Recurrent Pregnancy Loss
One of the most distressful phenomena that can happen to a couple trying to conceive is a recurrent pregnancy loss (RPL), which can happen to 2-5% of couples. A miscarriage or spontaneous abortion, is defined as the loss of a clinical pregnancy before 20 completed weeks of gestational age (18 weeks after fertilization) or, if gestational age is unknown, the loss of an embryo/fetus of <400 g.1
Pregnancy loss is actually more common than we think since only 30% of all conceptions result in a live birth.2 Many pregnancies fail before we even detect a positive pregnancy test. Many women think they just had delayed menses but actually, it was an undetected miscarriage. Among the pregnancies we recognize clinically approximately 15% of them result in spontaneous abortion, there are many more pregnancies that fail prior to being clinically recognized.
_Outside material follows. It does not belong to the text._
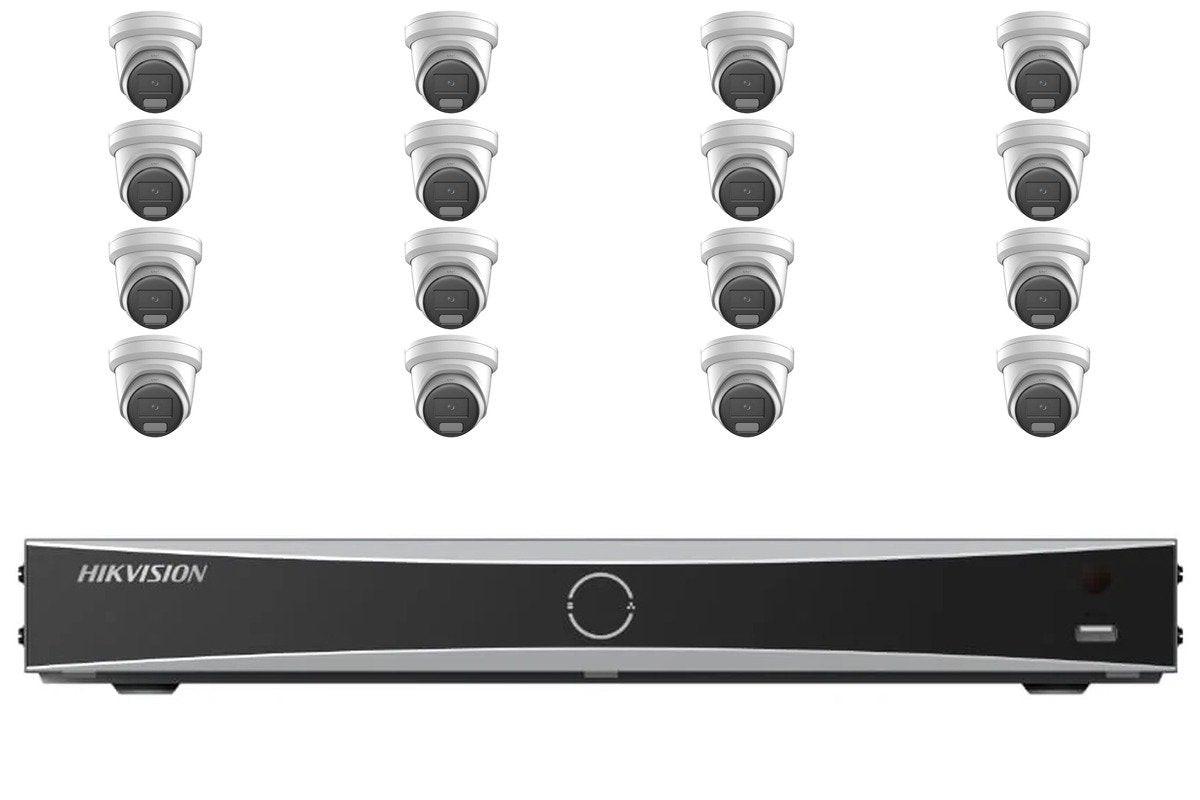 Hikvision 8MP AcuSense 16-Camera Turret Kit | BYO HDD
Nearly half of these are unexplained and the other half are due to causes such as, antiphospholipid syndrome, hormonal and metabolic disorders, uterine anomalies and cytogenetic abnormalities. Other etiologies have been proposed but are still considered controversial, such as chronic endometritis, inherited thrombophilias, luteal phase deficiency, and high sperm DNA fragmentation levels.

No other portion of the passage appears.